The potential merger of two major Brazilian food companies, BRF and Marfrig Global Foods, may have only a marginal impact on corn and soymeal prices amid limited synergies between the two giants.

Brazilian food processing giant BRF, which controls 49.9pc of the frozen food market share in the country, is a heavy consumer of grains to feed both poultry and pork. Marfrig, the second-largest beef processor in Brazil, uses mostly grass-fed cattle and has limited demand for corn and soymeal.

On 30 May BRF and Marfrig announced they had signed a memorandum of understanding for a potential merger, with a period of 90 to 120 days to evaluate economic benefits and corporate structure.

The combined company would have nearly R80bn ($21bn) in revenues, BTG Pactual analysts Thiago Duarte and Henrique Brustolin said in a note to clients.

The potential merger would result in "complement portfolios" and would not give the combined company increased bargaining power in soymeal and corn deals with producers, Alcides Torres, director at Brazilian cattle and grains consultancy Scot Consultoria, said.

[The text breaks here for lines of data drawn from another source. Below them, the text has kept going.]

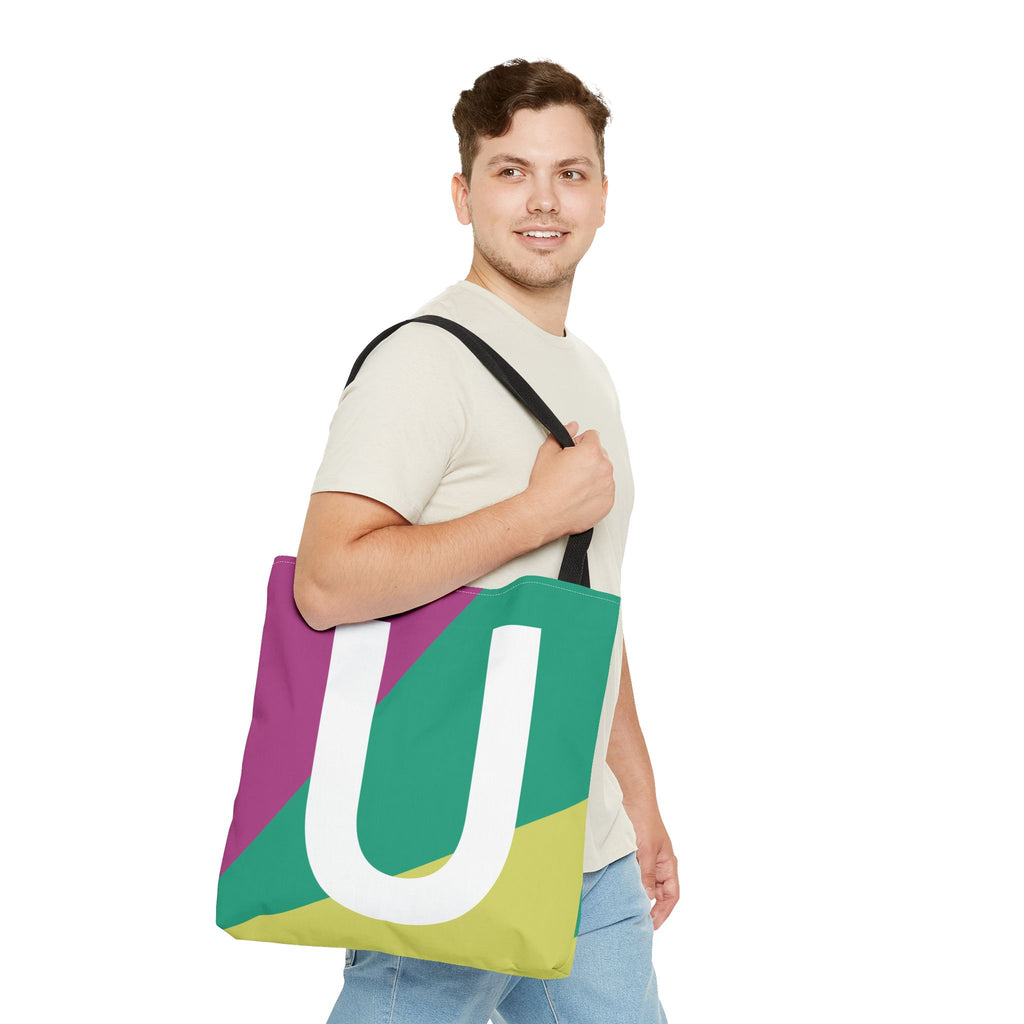 Monogram 'U' Colorblock Tote Bag — Personalized Initial U Shoulder Tote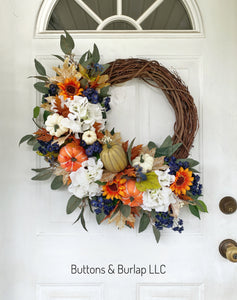 Pumpkin and hydrangea fall wreath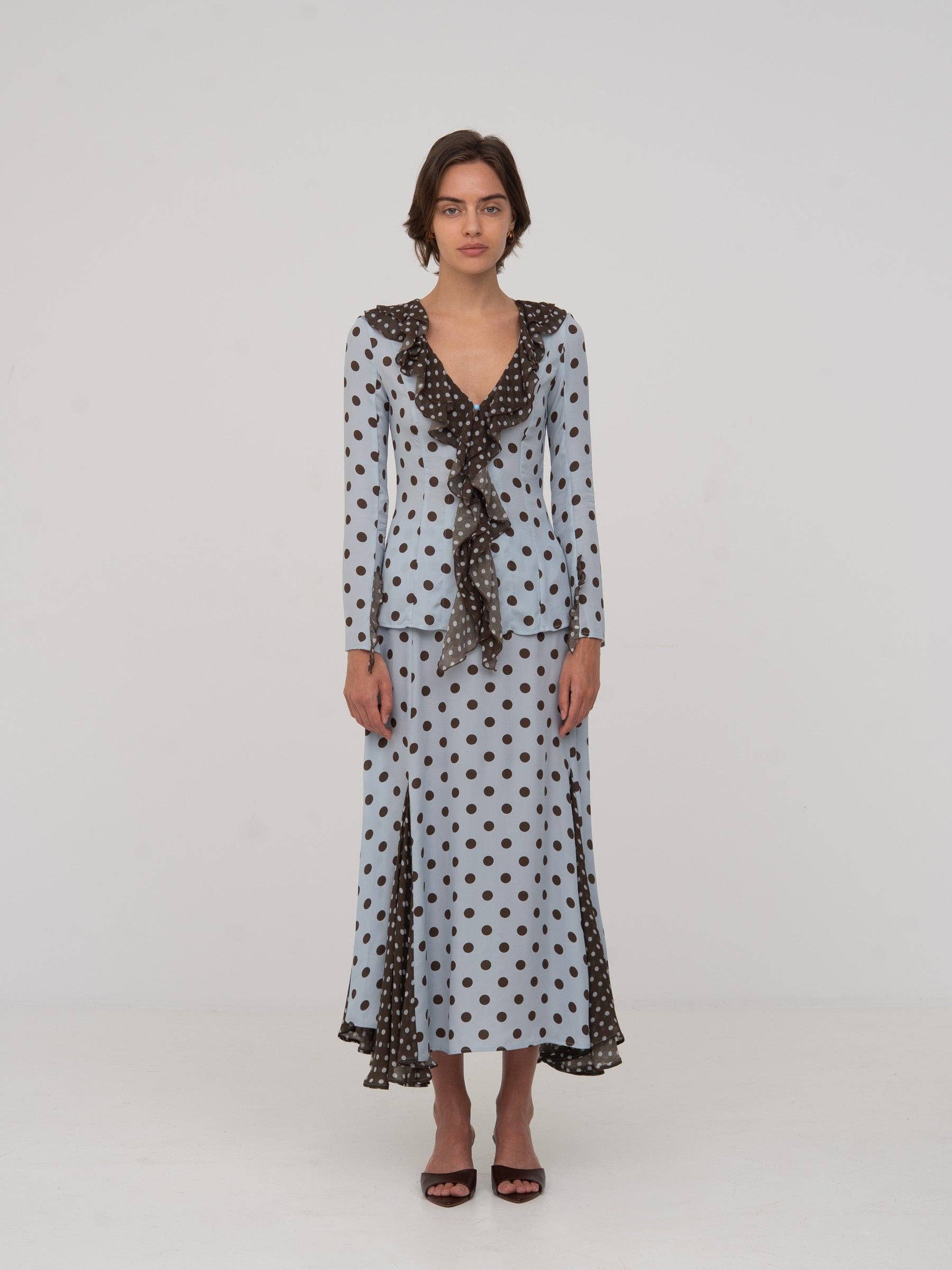 Carmen Say, New Blue Polka Dot Skirt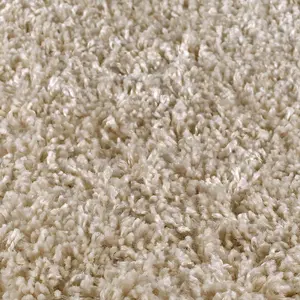 Modern Easy to Clean Light Beige Plain Shaggy Rug for Dining Rug-200cm X 285cm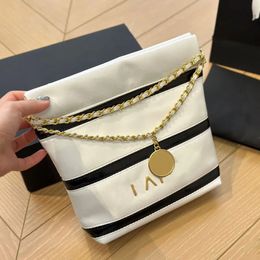 Two-Tone Stripes Patchwork Design Designer Mini Garbage Bag 19x22cm Quilted Leather Gold Coins Charm Letters Hardware Matelasse Chain Shoulder Cross Handbag Purse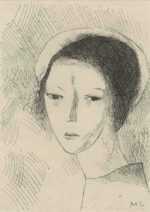 Print by Marie Laurencin: Tete de Jeune Fille, represented by Childs Gallery
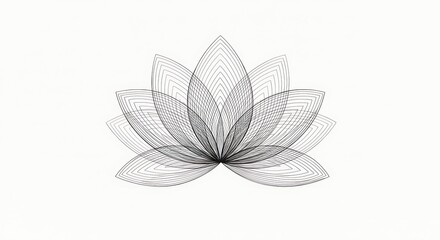 Poster - Lotus flower in concentric circular lines, overlapping petals, zen-inspired minimalism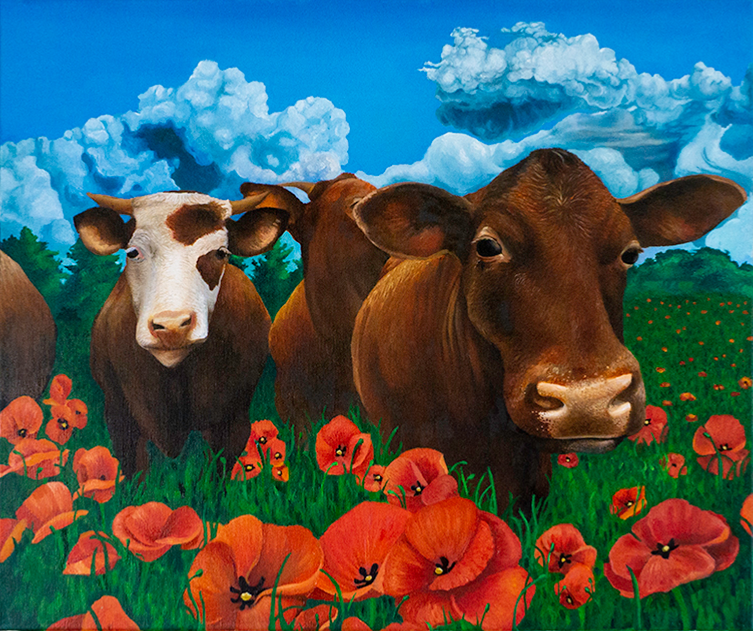 Juliana Stankiewicz, Cows in a Poppy Field (2020). Courtesy the artist and CJ One Gallery.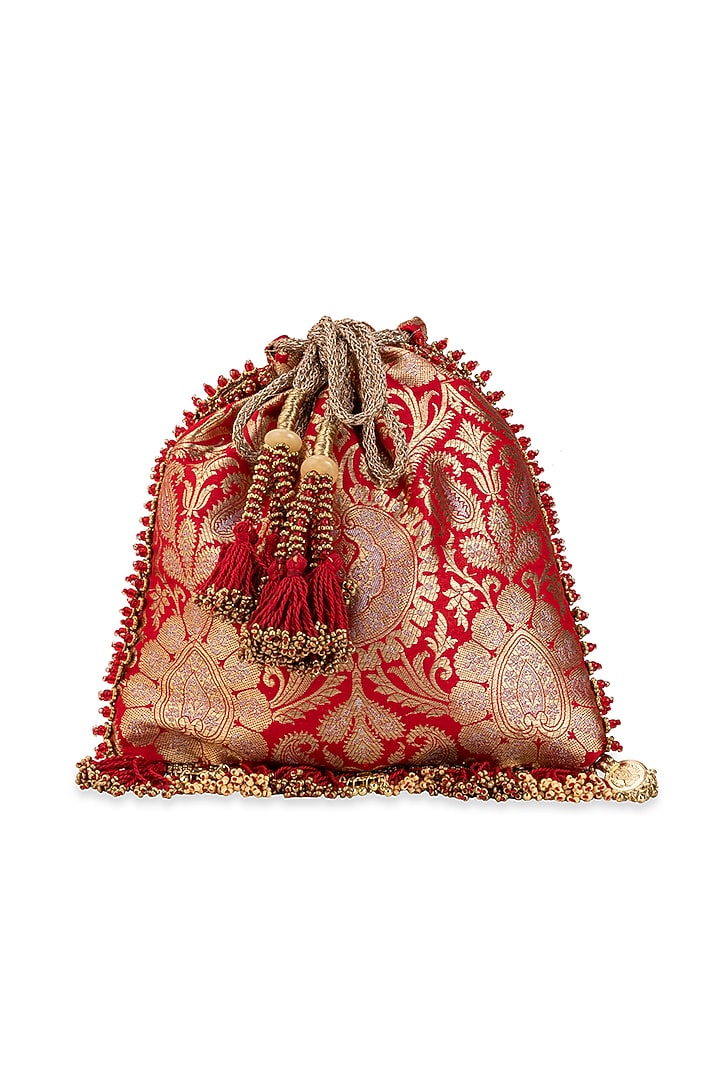 Red Brocade & PU Mirror Embellished Potli by 5 Elements at Pernia's Pop Up Shop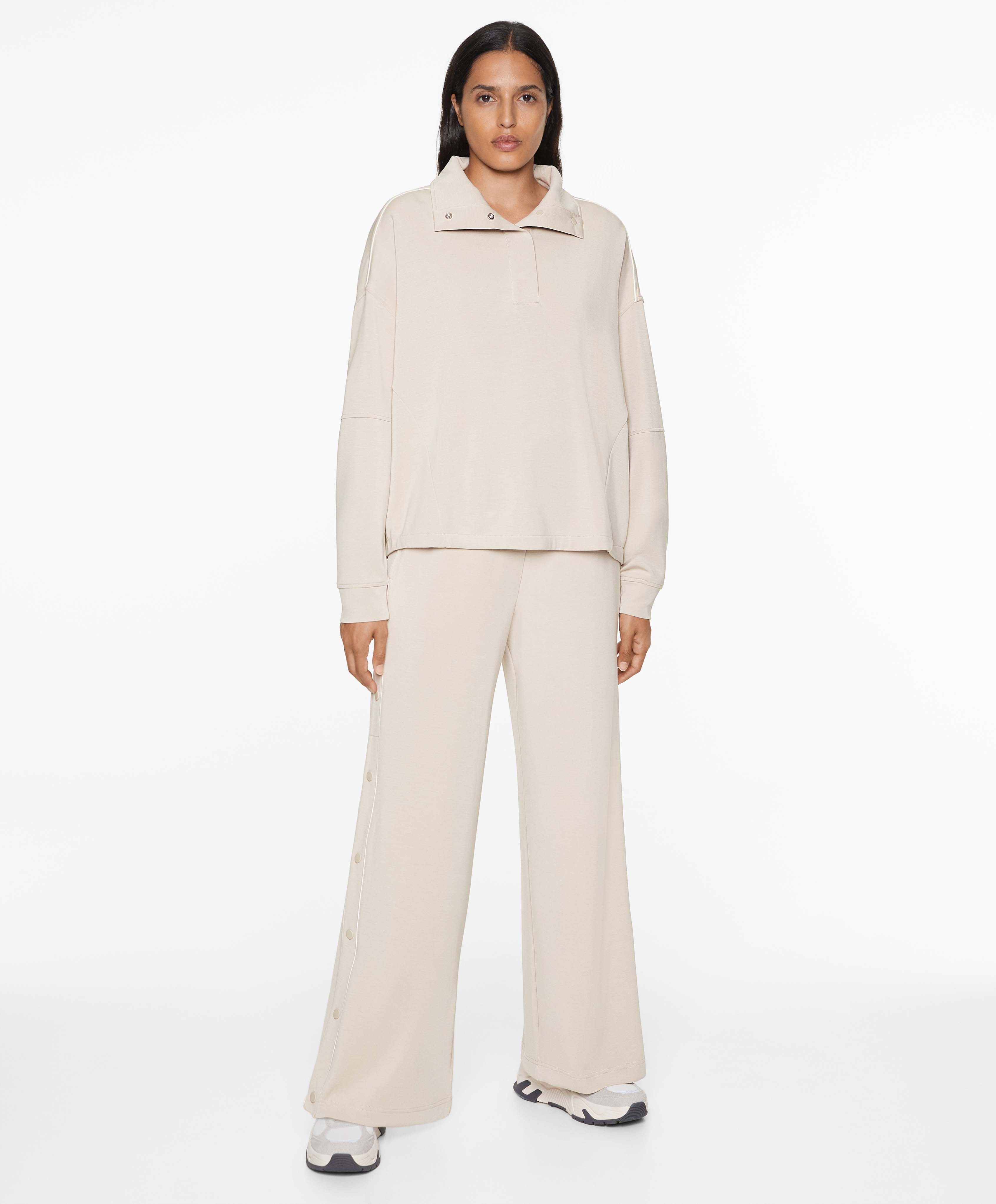 Soft-touch wide, straight-leg trousers with modal and buttons
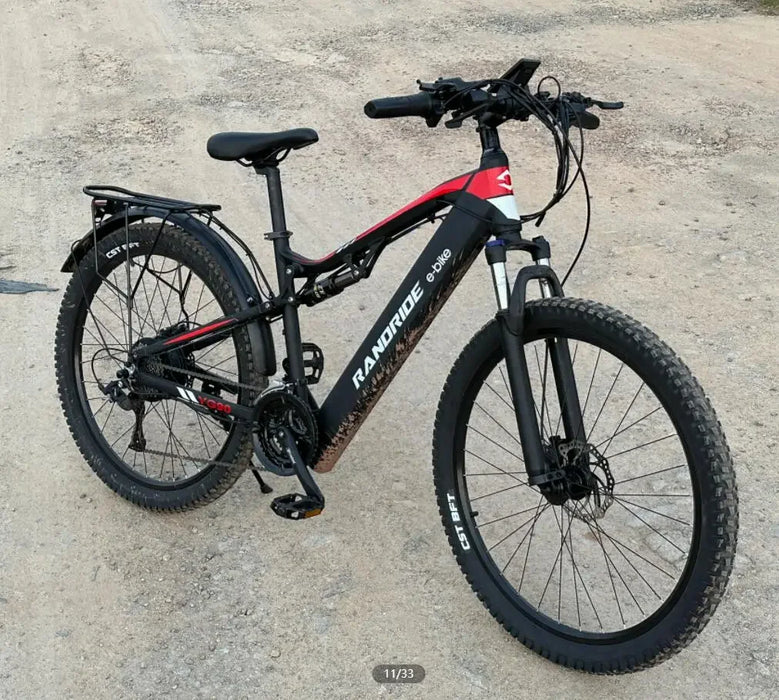 Nueva bicicleta eléctrica RANDRIDE de 1000W, bicicleta eléctrica de 27,5 pulgadas en aleación de aluminio con suspensión total y batería de litio de 48V 17AH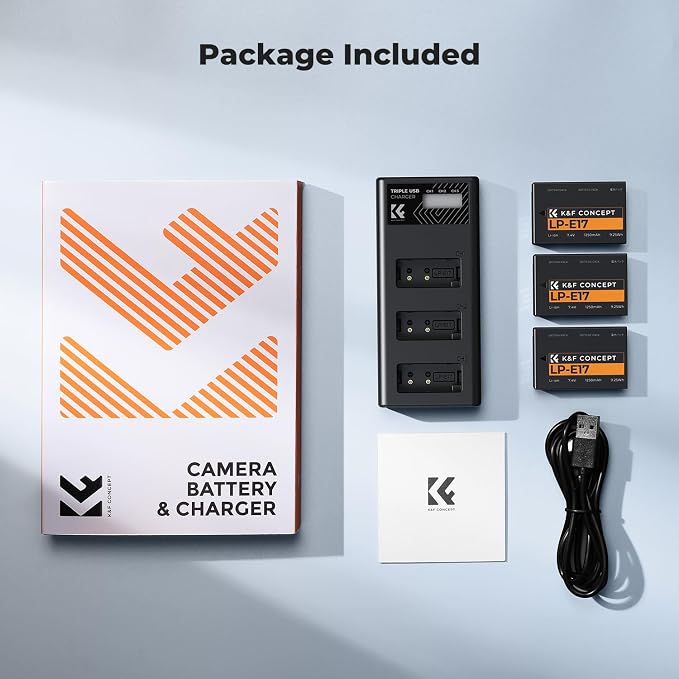 K&F CONCEPT 3-Pack LP-E17 Battery and Upgraded 3-Slot LCD Charger Compatible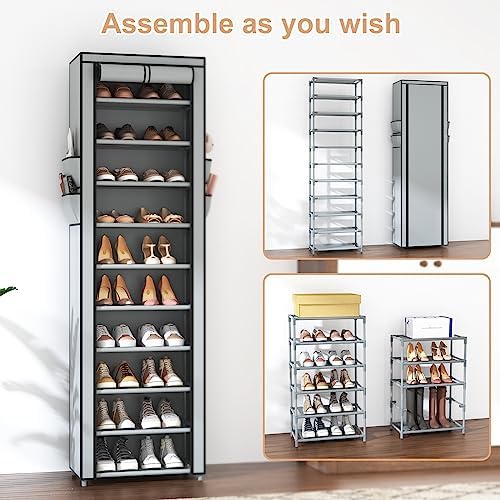 VTRIN Vertical Narrow Shoe Rack Organizer Tall Shoe Rack for Closet Entryway 10 Tier Non-Woven Cover Shoe Shelf Holds 20-22 Pairs Free Standing Shoe Storage Cabinet with Dustproof Cover, Grey - Image 5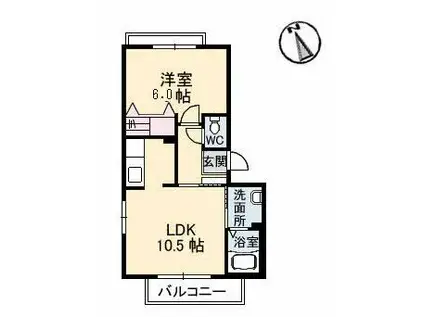 シャーメゾン大供(1LDK/1階)の間取り写真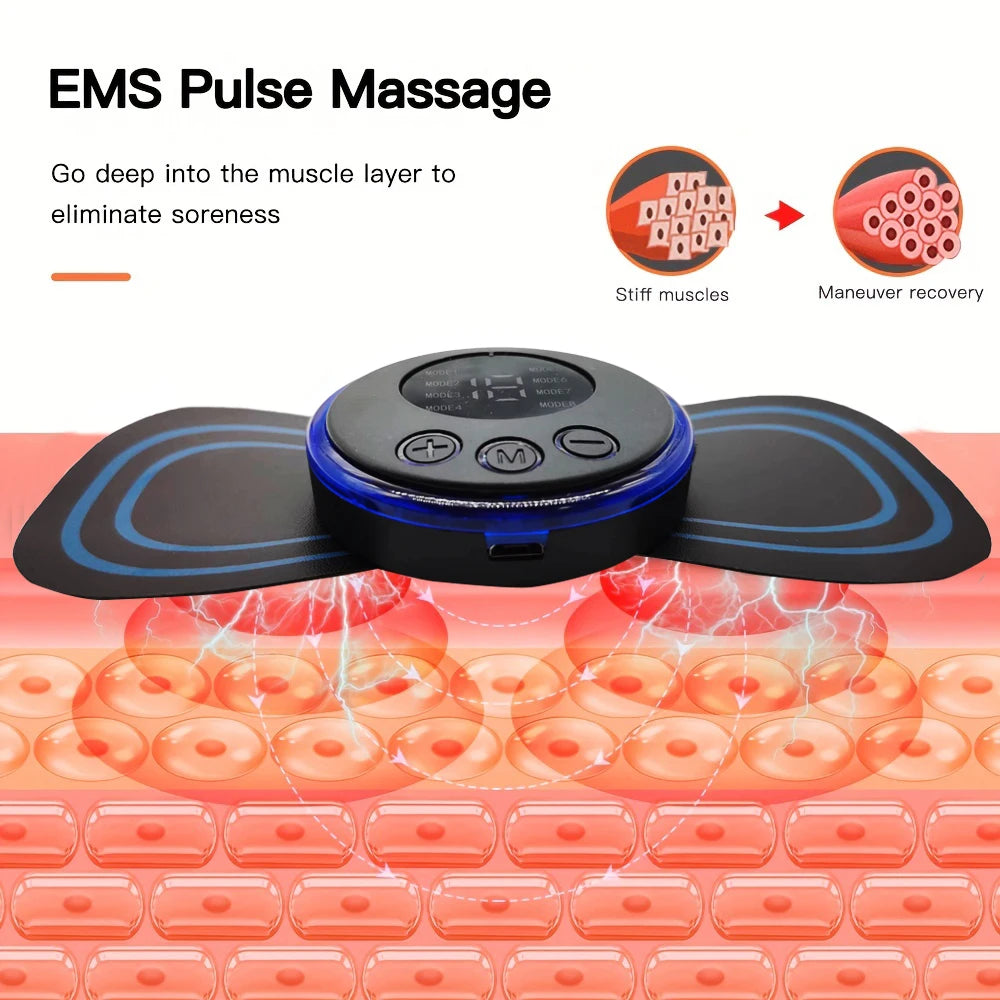 Portable Neck Massager with Remote - 8 Pulse Modes for Stress Relief Relaxation Treatment Tidesmit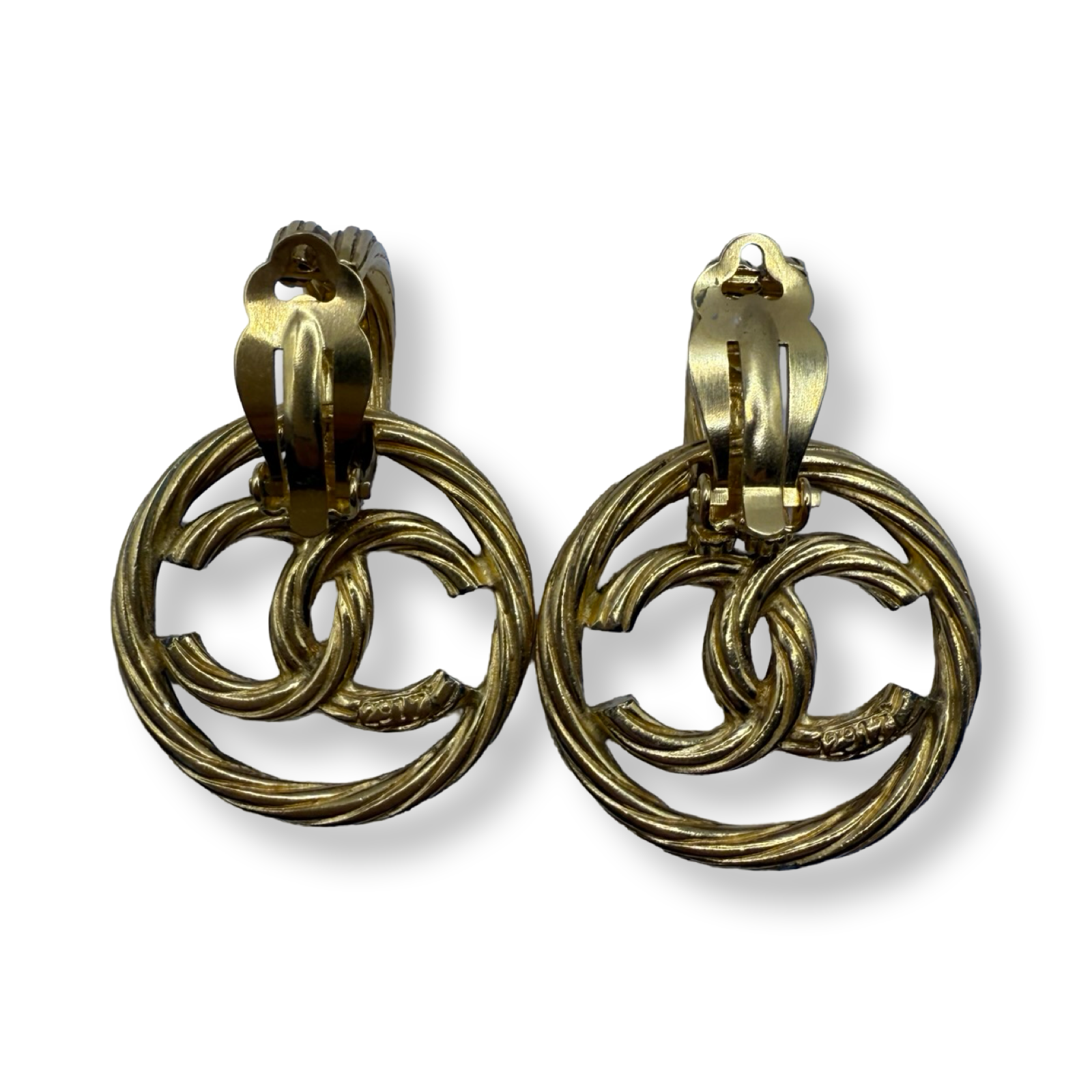 Chanel retro 90s authentic 2 in 1 style earrings gold twisted rope CC dangle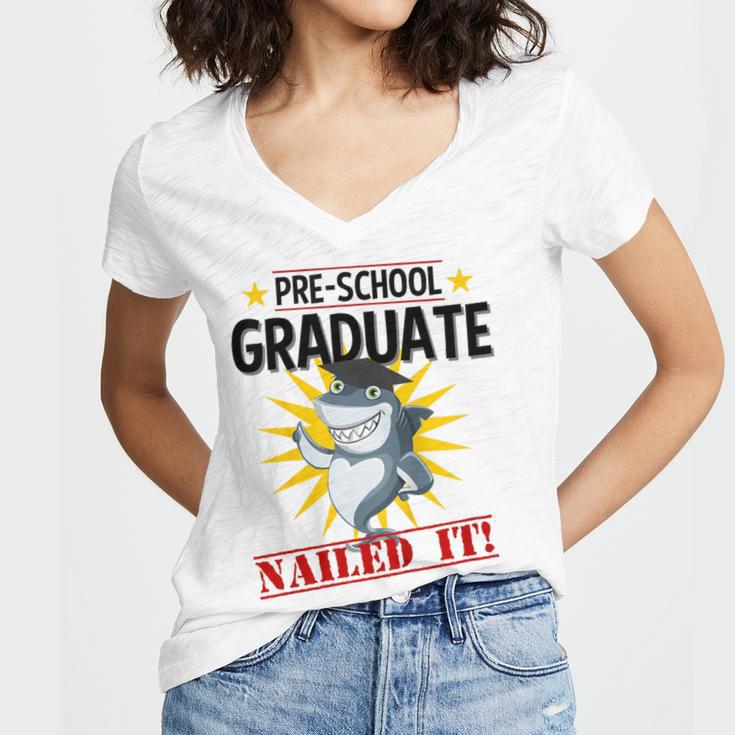 Pre K Nailed It Shirt 2019 Shark Graduation TShirt Women's Jersey Short Sleeve Deep V-Neck Tshirt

BRF has already established the supply chain for its poultry producers and the merger would not affect anything for cattle, Torres said. According to him, confined cattle — which are fed grains — represent only 8-10pc of the total herd in Brazil, and cattle are typically only confined for three months out of the year.

"Nothing will change within the next five years, at least" for grains producers, he said.

Financial market analysts that cover BRF and Marfrig, which both trade on Brazil's B3 stock exchange, also expect limited effects from a merger.

The grain price impact from such a merger would be "slight as Marfrig is more focused on beef, while BRF operates mainly poultry and pork," said Pedro Galdi, an analyst at the Brazil unit of investment firm Mirae Asset. A merger would not significantly change demand pressure on the grains market, he said.

Jose Luiz Torres, partner and analyst at Brazilian asset management Apex Capital, expects no impact from the deal on the raw material chain. The deal's main synergies "would be tributary, logistics, and storage," he said.

The Brazilian cattle sector consumed less than 10mn tonnes of feed in 2018, data from the Brazilian animal feed association Sindiracoes show. Poultry producers, meanwhile, consumed almost 32mn t, while pork producers consumed 17mn t.

Brazil is a top producer and exporter of poultry and beef.